**ENTRIES SHOWN**
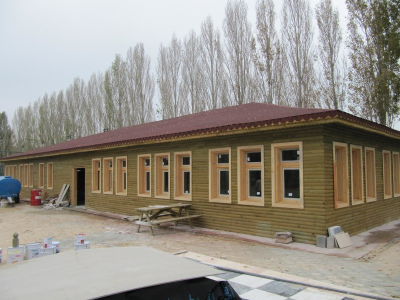 Çınar Ahşap | 26 AĞUSTOS TABİAT PARKI - AFYON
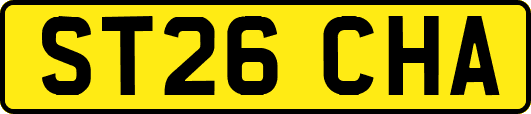 ST26CHA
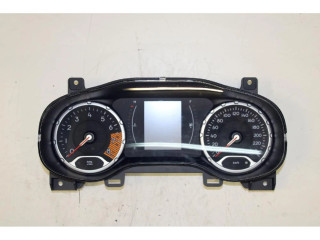 Панель приборов    Jeep Renegade       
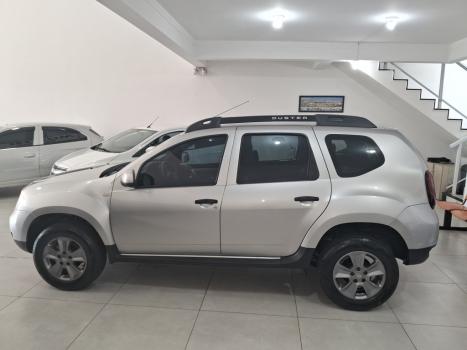RENAULT Duster 1.6 16V 4P FLEX SCE AUTHENTIQUE X-TRONIC AUTOMÁTICO, Foto 5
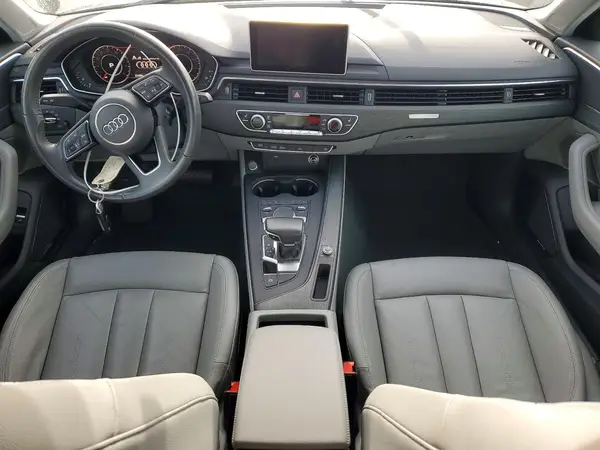 WAUENAF45JA087023 2018 AUDI A4 - Image 8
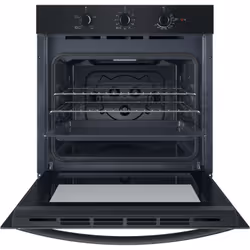 Indesit IO 232H B UK 71 L 2750 W Black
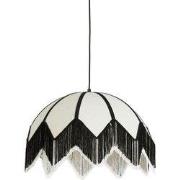 Hanglamp Sulina - Zwart - Ø55cm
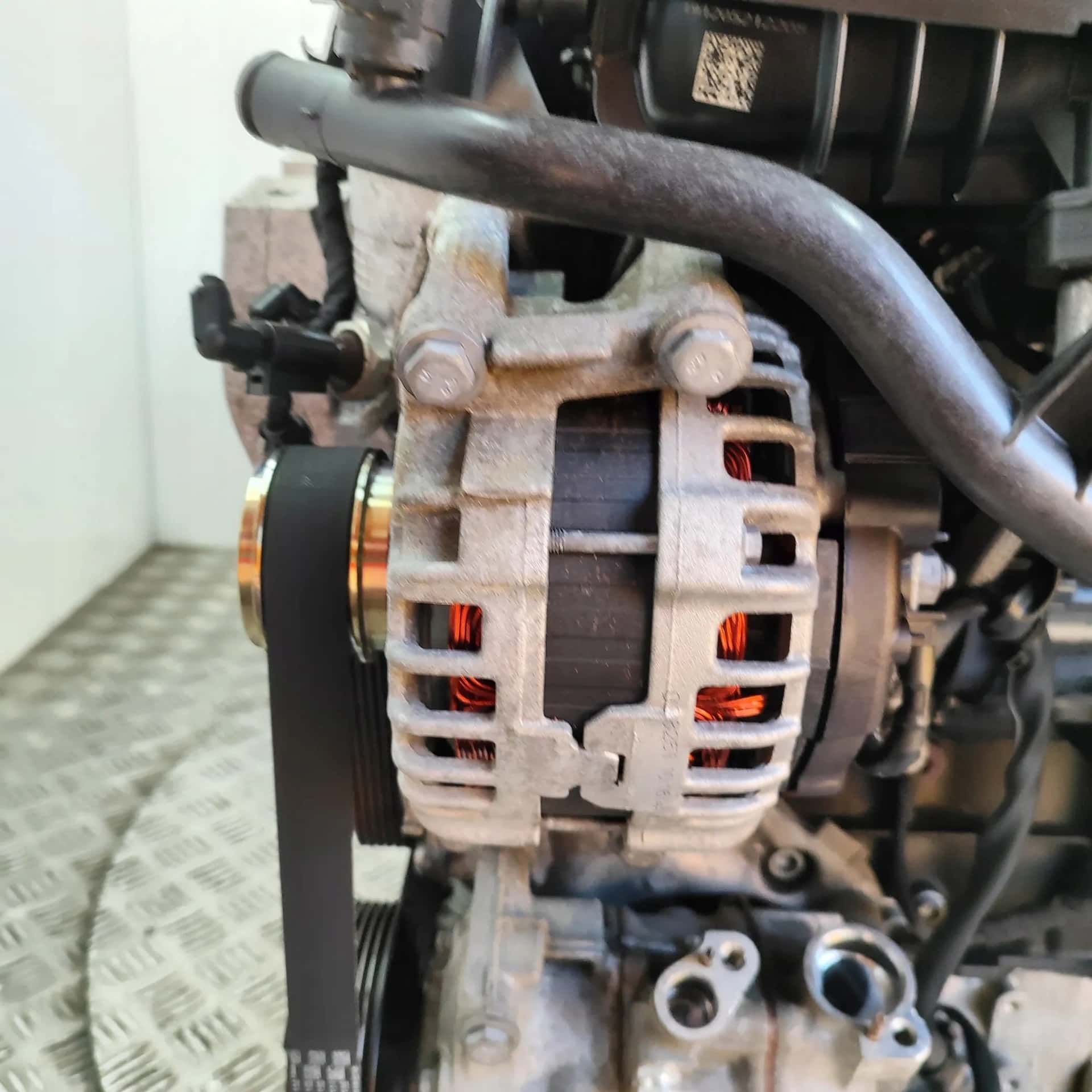 Moteur DKZA vue 8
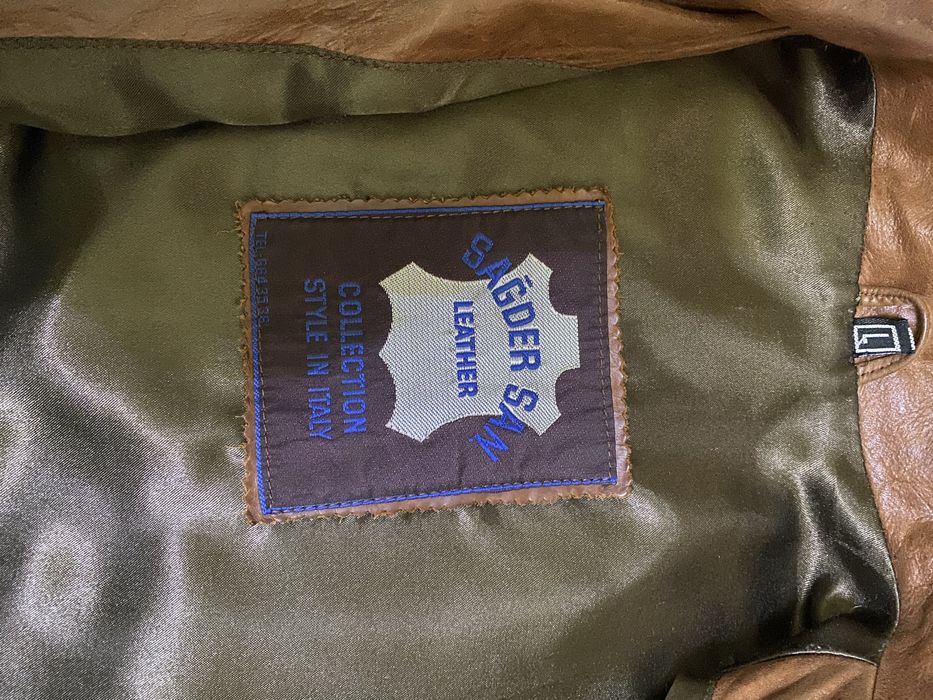 Кожанный куртка холати яхши италия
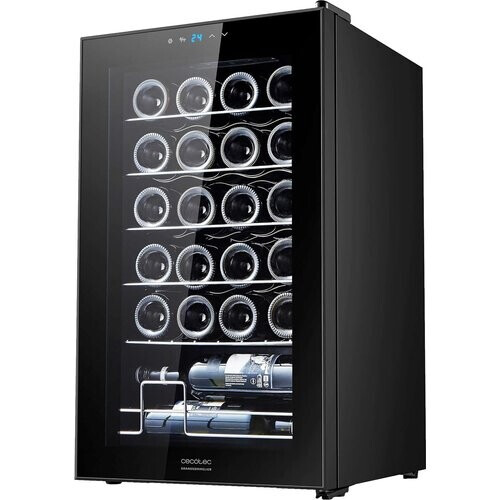 Cecotec Bolero Grandsommelier 2450 - Wijnkoeler - 70 Liter | Nieuw (outlet) Tweedehands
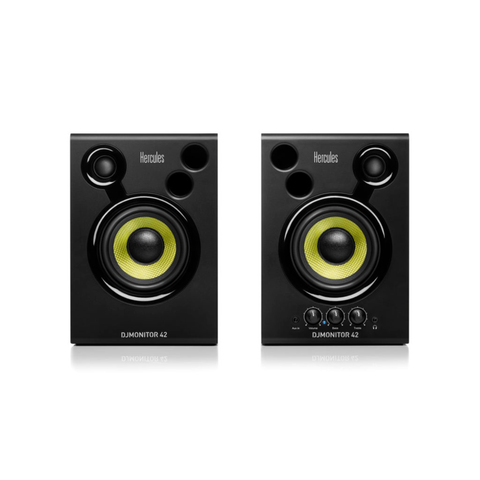 Hercules DJMonitor 42 DJ Monitors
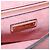 Borsa a Spalla Miu Miu in Pelle Rosa Oro Auth BD1584SAM D'oro - vista 21
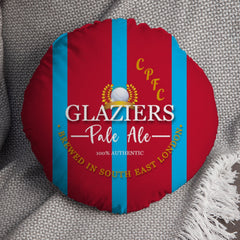 The Eagles Glaziers - Football Legends - Circle Cushion 14inch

**WORK REQUIRED**
Within the listing above, find the line containing "Indesit IO 232H B UK 71 L 2750 W Black", then print it and every line after it exactly, leaving out pictures.

**ANSWER TO THIS PROBLEM**
 Indesit IO 232H B UK 71 L 2750 W Black
 Hanglamp Sulina - Zwart - Ø55cm
 Moteur DKZA vue 8
 Кожанный куртка холати яхши италия
 Cecotec Bolero Grandsommelier 2450 - Wijnkoeler - 70 Liter | Nieuw (outlet) Tweedehands
 Hercules DJMonitor 42 DJ Monitors
 Borsa a Spalla Miu Miu in Pelle Rosa Oro Auth BD1584SAM D'oro - vista 21
 The Eagles Glaziers - Football Legends - Circle Cushion 14inch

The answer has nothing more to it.